The data world has recently converged around the best set of tools for dealing with massive amounts of data, aka the “modern data stack”. This includes setting up data infrastructure on best-of-breed tools like Snowflake for data warehousing, Databricks for data lakes, and Fivetran for data ingestion.
The good? The modern data stack is super fast, easy to scale up in seconds, and requires little overhead. The bad? It’s still a noob in terms of bringing governance, trust and context to data.
That’s where metadata comes in.
So what should modern metadata look like in today’s modern data stack? How can basic data catalogs evolve into a powerful vehicle for data democratization and governance? Why does metadata management need a paradigm shift to keep up with today’s needs?
In the past year, I’ve spoken to over 350 data leaders to understand their fundamental challenges with existing metadata management solutions and construct a vision for modern metadata management. I like to call this approach “Data Catalog 3.0”.
Why does the modern data stack need “modern” metadata management more than ever?
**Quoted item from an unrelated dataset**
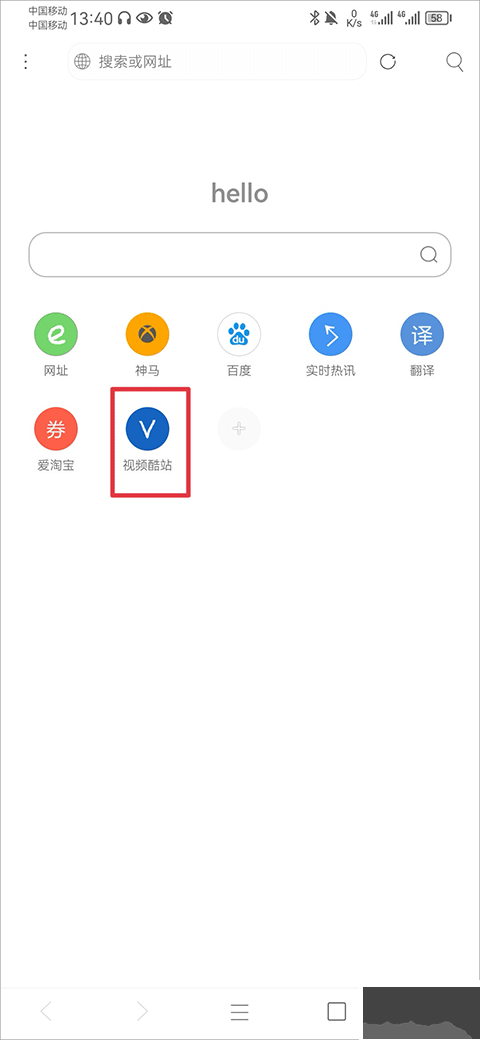 米侠浏览器app安卓版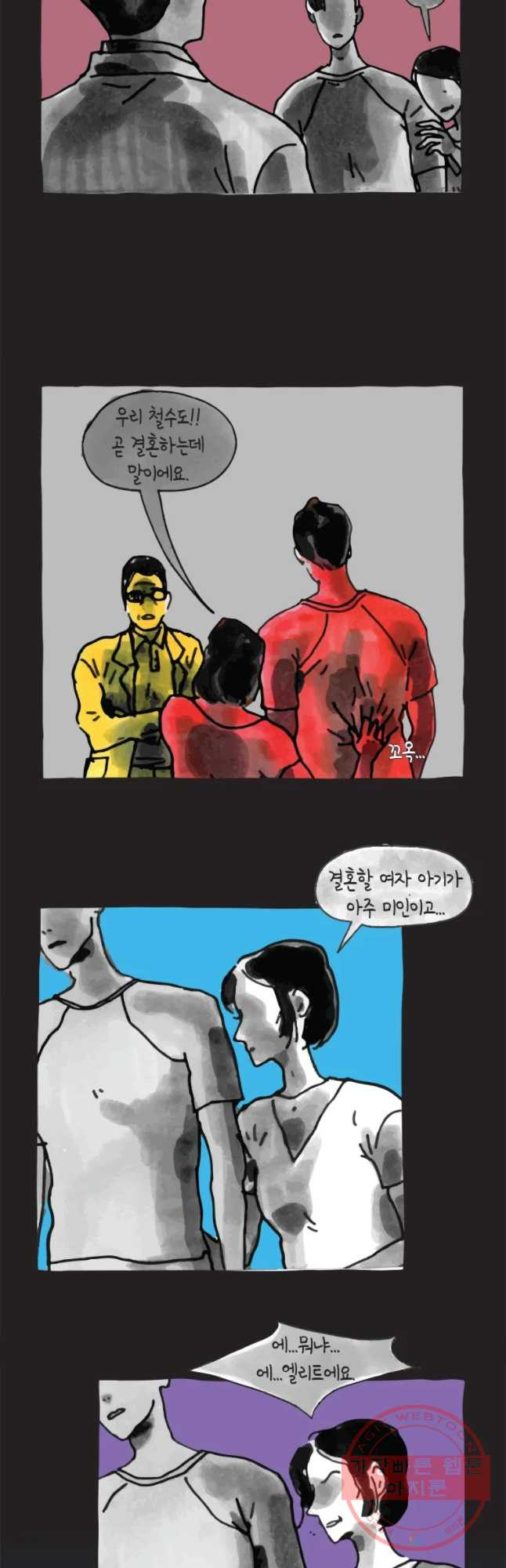 이토록 보통의 329화 화상 입은 선인장(54) - 웹툰 이미지 4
A few years ago, data would primarily be consumed by the IT team in an organization. However, today data teams are more diverse than ever — data engineers, analysts, analytics engineers, data scientists, product managers, business analysts, citizen data scientists, and more. Each of these people have their own favorite and equally diverse data tools, everything from SQL, Looker, and Jupyter to Python, Tableau, dbt, and R.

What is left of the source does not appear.